But everything got solved with the invention of corks and sturdy glass bottles. So it was the best of times for the French wine.

With no more worries, the French industry looked cockily into a bright future. Then in 1863 vinegrowers in the country began to notice a curious thing happening around them. They were shocked and clueless. Grapevines were dying. Impossible! They took a closer look at the plants that were wilting as if they had caught the plant-form of tuberculosis.

It could be some invisible bugs, they guessed, but where did they suddenly arrive from!

One thousand years ago in America. The barbaric invaders from the North, the Vikings, saw a lot of tough-rooted vines in the New World. But the fruits tasted yucky. So when the European colonisers came and settled in America, the first thing they did was to bring European vines from the Continent to make their poison. The experiment failed as the frail vines from their homeland across the Atlantic could not stand the extreme conditions in America. Now the colonisers took the other way around. Why not take the American vines to Europe to see whether their taste would improve in the new soil?

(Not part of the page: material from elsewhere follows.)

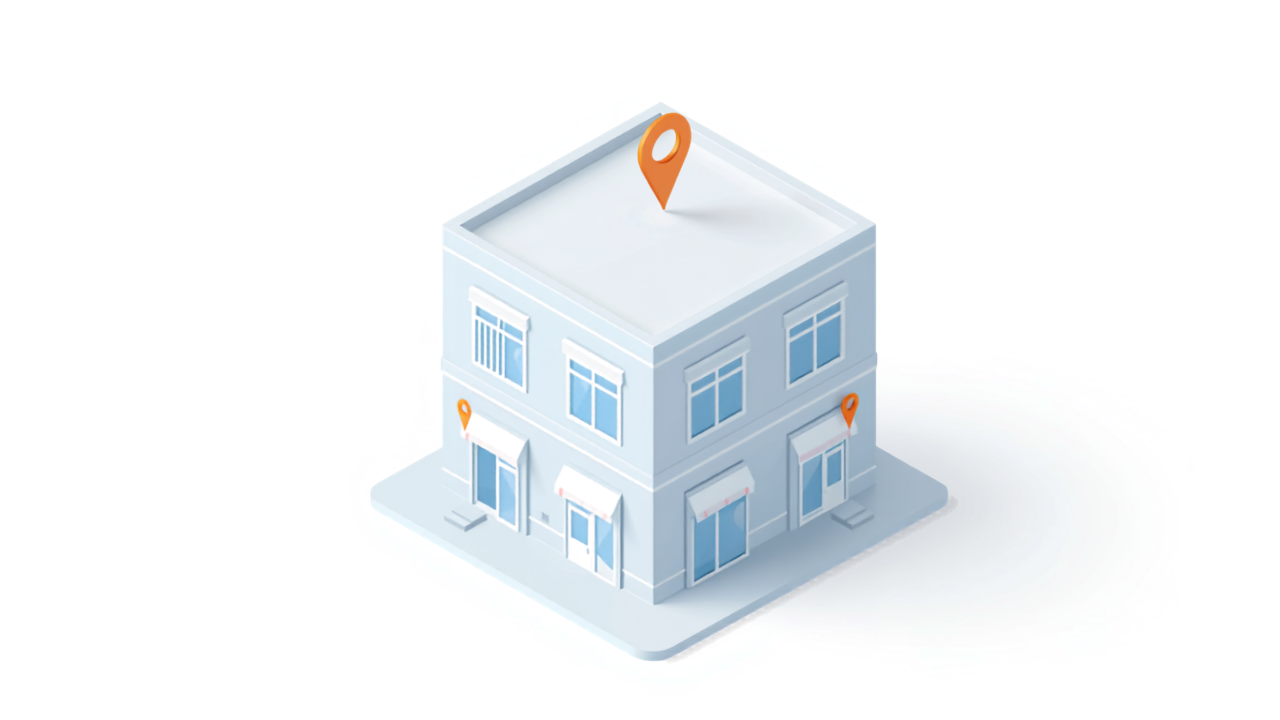 建物の各入口にそれぞれ地図ピンが立っているイラスト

By sending the American vines to the Continent, all that the colonisers intended was to seek a solution; they hardly knew they were sending home the problem as well.

Phylloxera, a plant lice, an aphid, hardly visible to human eye, and that which was obstinately stalling the European vine from taking root in America hitherto, was now on a new mission. It was crossing the ocean as a stowaway, or as a green Dracula buried deep inside the innocent-looking American vines.

Once the aphid landed on the Continent, especially in France, the homeland of vines, it dug its teeth deep into the rich spread of vine roots and leaves all around. Plants wilted by millions. The rampage began.

In a period of barely 15 years, almost half of French Vineyard were decimated with the rest teetering on the brink. The French economy was badly hit with thousands of grape growers thrown out of business and even from their vineyards which now looked like desert lands. Wages were cut to less than a half. In order to tide over the crisis of an international wine deficit, some traders resorted to using cheap sugar syrup and other adulterants and pressed it to do the work of wine. That drove a deep nail in the coffin of whatever reputation wine still salvaged from the wreck. People now were unsure of picking the original from the spurious wines that flooded the market.

For the first time ever since the emergence of wine, people began to turn their attention to other drinks like absinthe and whiskey.

The authorities sprang to action. More than 6 million acres of vineyards were destroyed to kill the blight. Many growers in a state of panic banked upon weird methods to save their vineyards. Some buried toads under each vine, and some others let their poultry into the vineyard hoping they would find their meat in the insects. Phylloxera prevailed. Meanwhile, a few scientists who had found that the killer had arrived from America now zeroed in on a solution. Even with this blight for many centuries, if America still had vineyards, there could also be a solution for the problem that arrived from there, they guessed. What about grafting European vines to aphid-resistant American rootstock and create new vines?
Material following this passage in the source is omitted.